Inverity

File Size vs Compression Quality Explained

Date Published

There is a common misconception that a smaller file size is, by definition, evidence of superior compression. In reality, file size is only one dimension of what compression actually accomplishes, and treating it as the sole measure of quality leads to serious misunderstandings.

A compression algorithm makes a trade between multiple competing factors: the size of the output, the fidelity of the reconstructed data, the computational resources required to encode and decode, and the speed at which those operations can be performed.

Optimizing aggressively for size alone almost always means sacrificing something else, and whether that sacrifice is acceptable depends entirely on the context in which the compressed data will be used. Consider the distinction between lossless and lossy compression. A lossy image codec can produce a file far smaller than any lossless alternative, but it does so by permanently discarding information.

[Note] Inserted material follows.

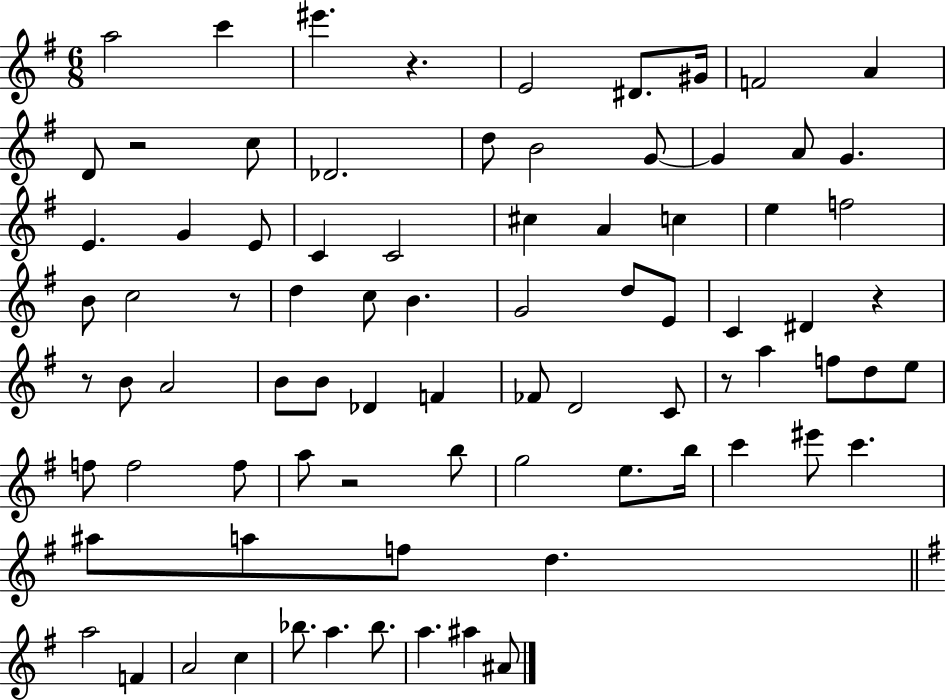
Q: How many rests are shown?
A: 7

If you are archiving medical imaging data or scientific measurements, that smaller file represents not better compression but irreversible data corruption, regardless of how impressive the size reduction appears.

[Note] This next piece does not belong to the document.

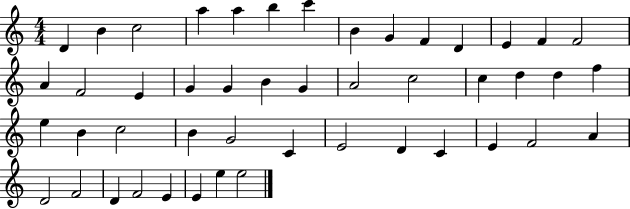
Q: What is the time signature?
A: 4/4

Even within lossless compression, an algorithm that achieves a marginally smaller output by requiring hours of processing time and gigabytes of memory is not strictly better than one that compresses slightly less efficiently but operates in seconds on modest hardware. The value of the compressed file must account for the total cost of producing and using it. Compression ratio also behaves differently depending on the nature of the source data, which means comparisons between algorithms are only meaningful when made on representative material. An algorithm that achieves an extraordinary ratio on one type of file may perform poorly on another, so benchmarks cherry-picked to showcase size reduction can be deeply misleading.

What genuinely defines good compression is how well an algorithm serves the specific needs of its application, balancing size, speed, resource consumption, and data integrity in proportions that match real-world requirements.

Smaller output is a desirable property, but it is a component of that balance, not a substitute for it.